◆ **EXERCISE**:
Only the lines in the entries below from the line with "Pull Rookie |" to the line with "Чехол B-75 Pokemon", both included, belong in the answer, transcribed exactly and without pictures.

◆ **MATERIAL SUPPLIED**:
++++++
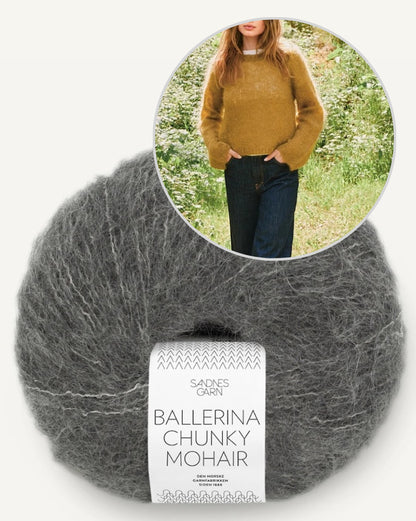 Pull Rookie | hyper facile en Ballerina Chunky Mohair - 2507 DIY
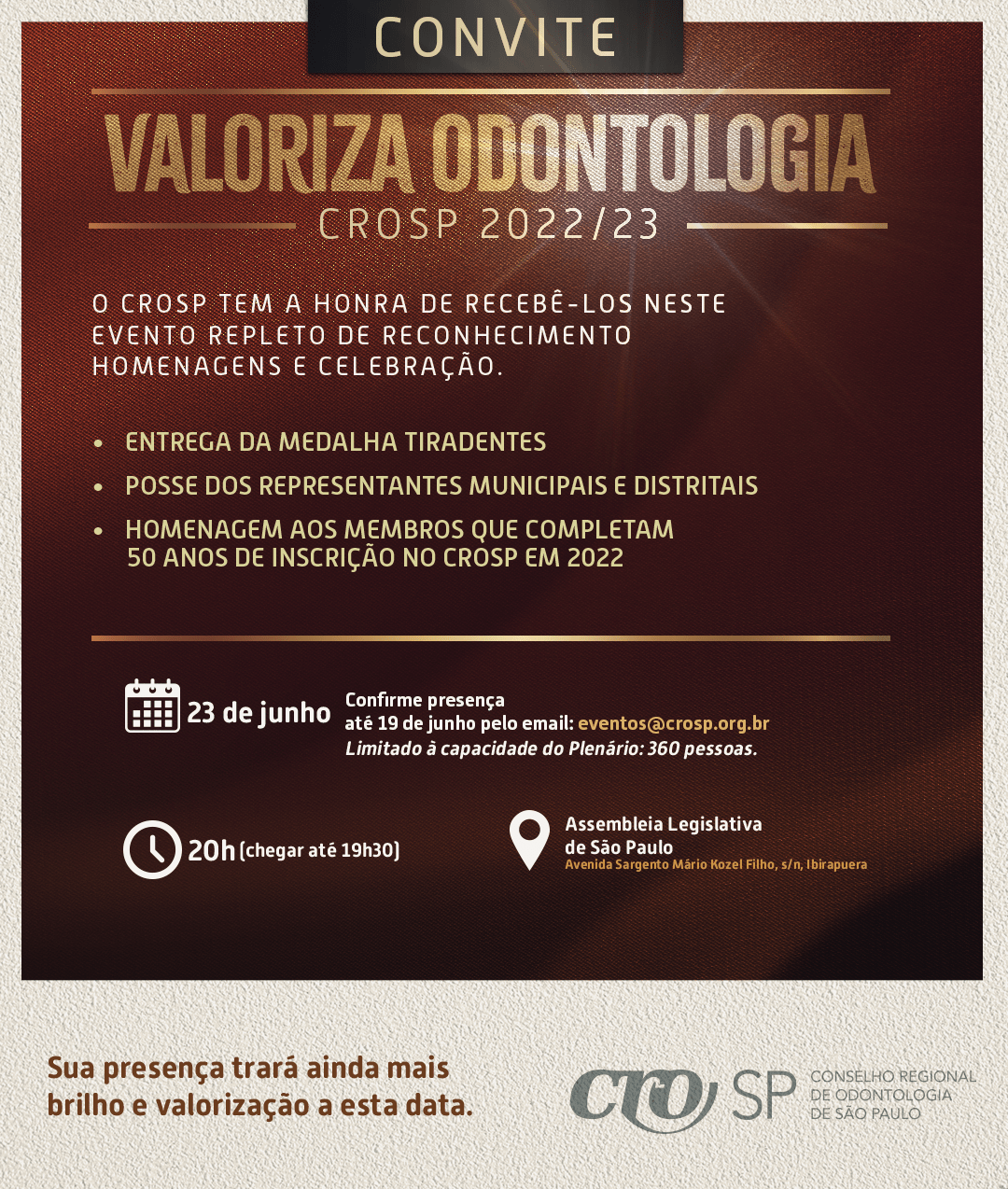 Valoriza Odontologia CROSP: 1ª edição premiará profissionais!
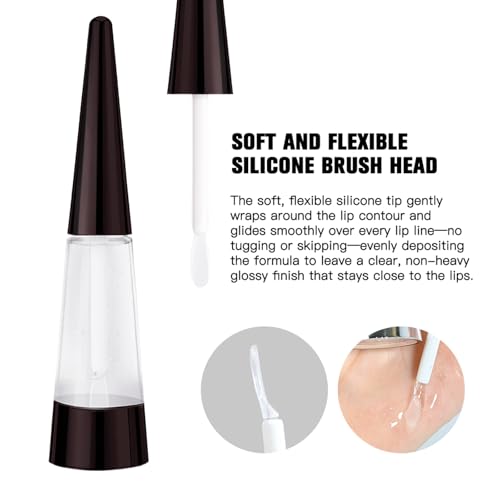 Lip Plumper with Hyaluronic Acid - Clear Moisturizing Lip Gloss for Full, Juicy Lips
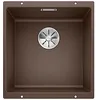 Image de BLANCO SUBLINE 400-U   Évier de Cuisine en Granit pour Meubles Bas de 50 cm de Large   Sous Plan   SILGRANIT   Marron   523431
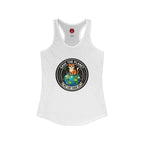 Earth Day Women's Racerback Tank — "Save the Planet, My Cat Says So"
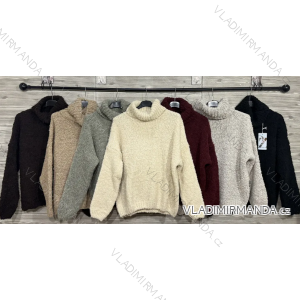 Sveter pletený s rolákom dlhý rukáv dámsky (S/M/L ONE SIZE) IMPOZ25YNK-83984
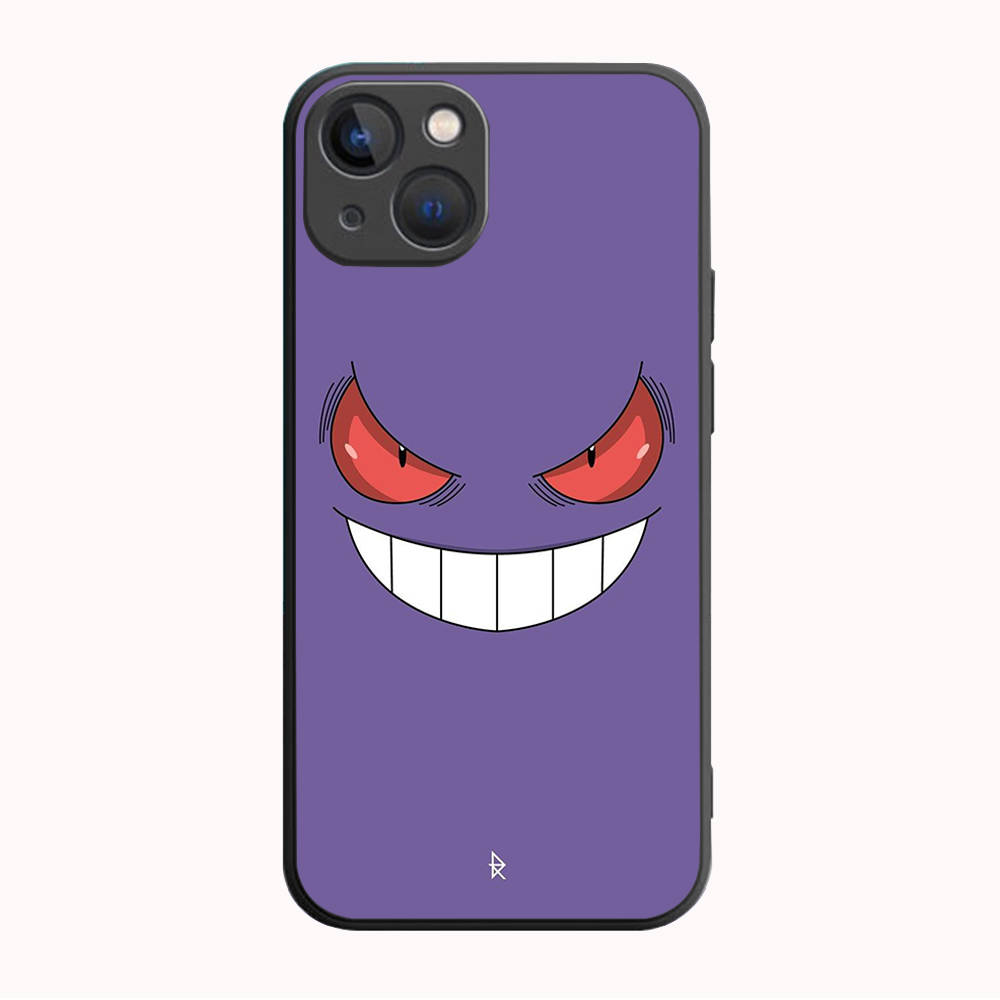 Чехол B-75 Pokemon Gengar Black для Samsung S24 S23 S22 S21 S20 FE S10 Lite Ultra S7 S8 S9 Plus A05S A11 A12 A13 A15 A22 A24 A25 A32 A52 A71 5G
++++++
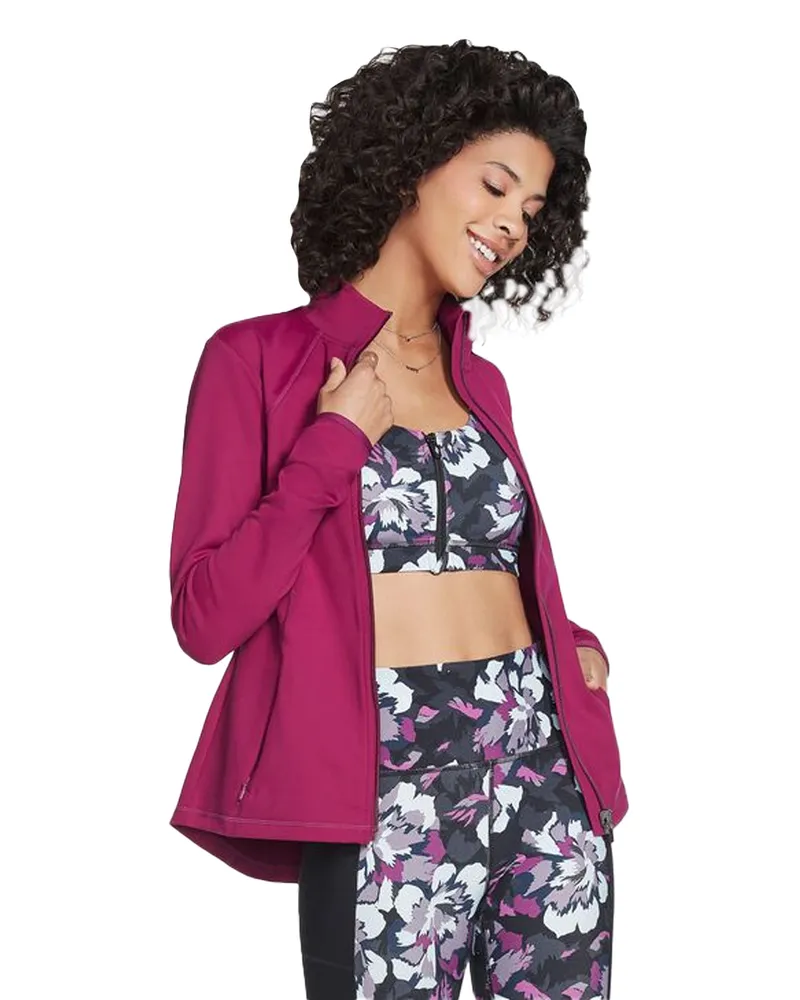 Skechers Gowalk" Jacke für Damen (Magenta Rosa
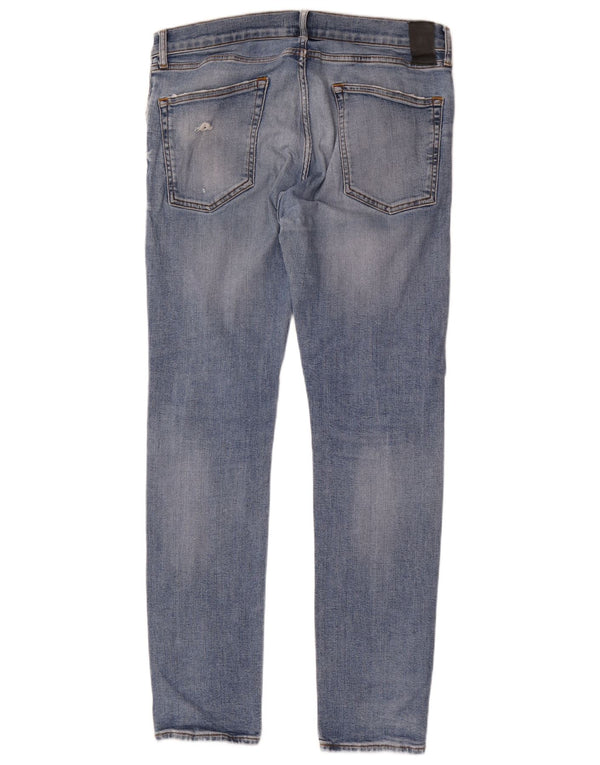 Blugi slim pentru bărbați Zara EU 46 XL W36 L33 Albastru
++++++
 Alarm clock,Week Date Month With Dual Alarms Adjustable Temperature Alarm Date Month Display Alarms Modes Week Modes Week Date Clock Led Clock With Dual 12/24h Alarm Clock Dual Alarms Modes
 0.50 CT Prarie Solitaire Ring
++++++
◆ **SOLUTION**:
 Pull Rookie | hyper facile en Ballerina Chunky Mohair - 2507 DIY
 Valoriza Odontologia CROSP: 1ª edição premiará profissionais!
 Lip Plumper with Hyaluronic Acid - Clear Moisturizing Lip Gloss for Full, Juicy Lips
 Image de BLANCO SUBLINE 400-U   Évier de Cuisine en Granit pour Meubles Bas de 50 cm de Large   Sous Plan   SILGRANIT   Marron   523431
 Earth Day Women's Racerback Tank — "Save the Planet, My Cat Says So"
 Sveter pletený s rolákom dlhý rukáv dámsky (S/M/L ONE SIZE) IMPOZ25YNK-83984
 Чехол B-75 Pokemon Gengar Black для Samsung S24 S23 S22 S21 S20 FE S10 Lite Ultra S7 S8 S9 Plus A05S A11 A12 A13 A15 A22 A24 A25 A32 A52 A71 5G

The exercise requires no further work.